# Tire Technology: 18.4R42



## Metal4130 (Jan 15, 2007)

Have John Deere 4630 in which I am changing from 20.8-38 tires to 18.4R42 using step up rims. Local tire dealer suggested Firestone Radial All Traction 23 deg--R-1 tires or deeper lug R-1W tires. Do not know which set to get. R-1 tires have lug height of 1.57 inches and R-1W have lug height of 1.96 inches. Any suggestions from anyone with experience with these tires. Tractor is running in Northern Illinois soil and is doing everything from planting to discing to chisel plowing.


----------



## Live Oak (Dec 22, 2003)

Welcome to Tractor Forum Eric! 

I don't have much if any experience with these type of ag tires. My thoughts would be that the deeper R-1W tread would give a better bite for traction is soft soil that would allow the bars to sink in.

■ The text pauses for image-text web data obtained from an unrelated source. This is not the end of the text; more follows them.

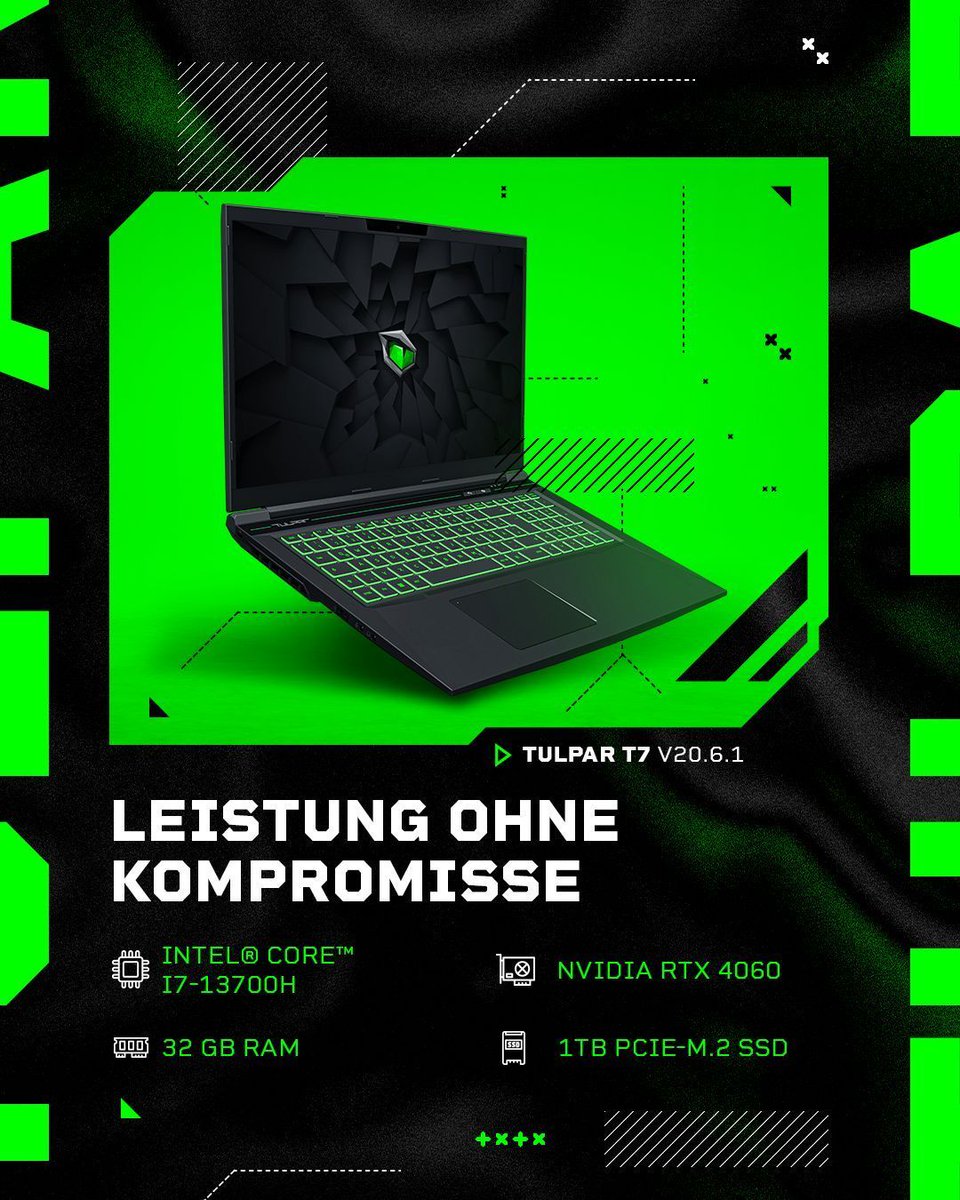 tulparnotebook's tweet photo. ⚔️ Power unleashed.
Der Tulpar T7 V20.6.1 bringt dich auf’s nächste Level – mit i7-Power, RTX 4060 Grafik und 144 Hz Full-HD Display.

🎮 Performance. Präzision. Dominanz.
#Tulpar #GamingLaptop #RTX4060 #NextLevelPerformance https://t.co/LuTCs17OYa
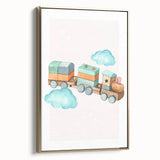 Girls Room Wall Art - Wooden Train & Clouds Kids Room Art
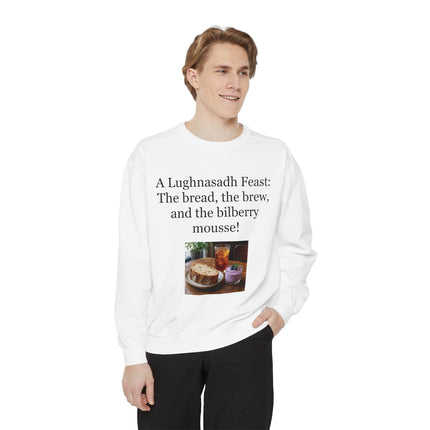 Lughnasadh Feast Sweatshirt — "The bread, the brew, and the bilberry mousse!"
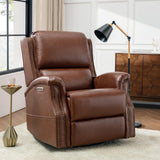 HULALA HOME Genuine Leather Recliner with One-Button Reset, Power Recliner with Electric Lumbar Support and Headrest, Traditional Swivel Rocker Recliner with USB Port and Storage Pocket, Brown HULALA HOME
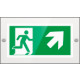 Targa PLexi monof. uscita emerg. ds alto fissaggio a vite EN ISO 7010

How much more bite .39 inches would give is debatable and I think the deciding point would be what is the price difference between the two? 

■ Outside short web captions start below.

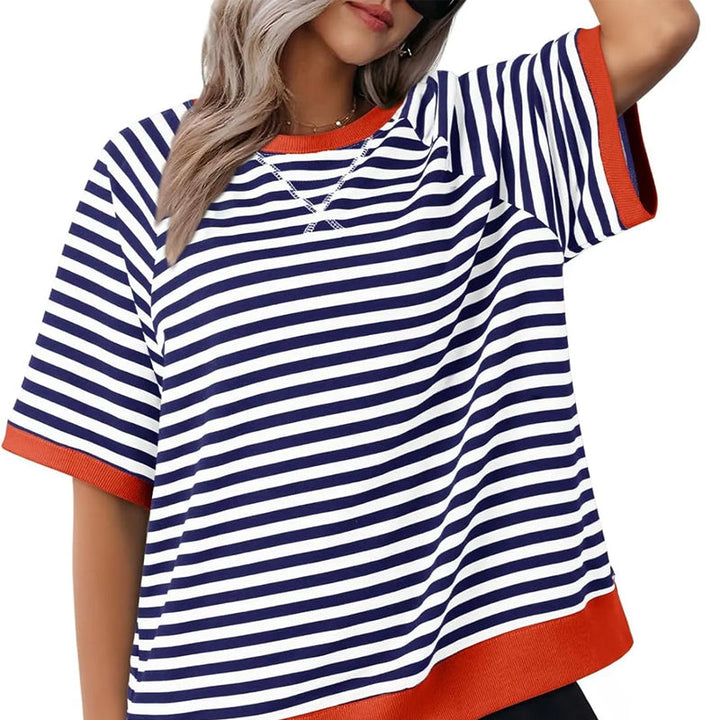 Damen T-Shirt mit Streifenmuster in kontrastierenden Farbkombinationen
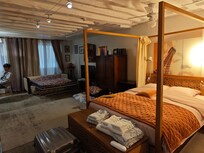 a regular bed and a sofa bed were available.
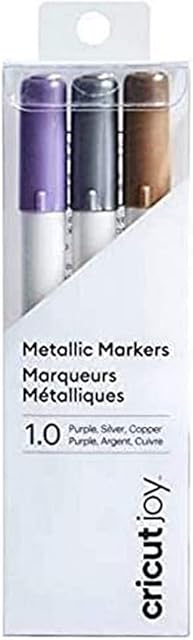 Cricut 2007085 Joy Metallic Markers 1.0, Violet/Silver/Copper (3 ct)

Your best bet would be to try posting this question on Ag Talk.

Ag Talk 

There are a lot of guys there who farm with this kind of equipment everyday and most likely have the experience with using these tires.

My experience is telling me that the probably much higher cost of the R-1W's over the standard R-1's just may not justify the cost unless you have some very unique circumstances.


----------



## Live Oak (Dec 22, 2003)

Looks like the guys on Ag Talk took care of you! At least it looks like a good discussion and range of opinions to give you some food for thought.


----------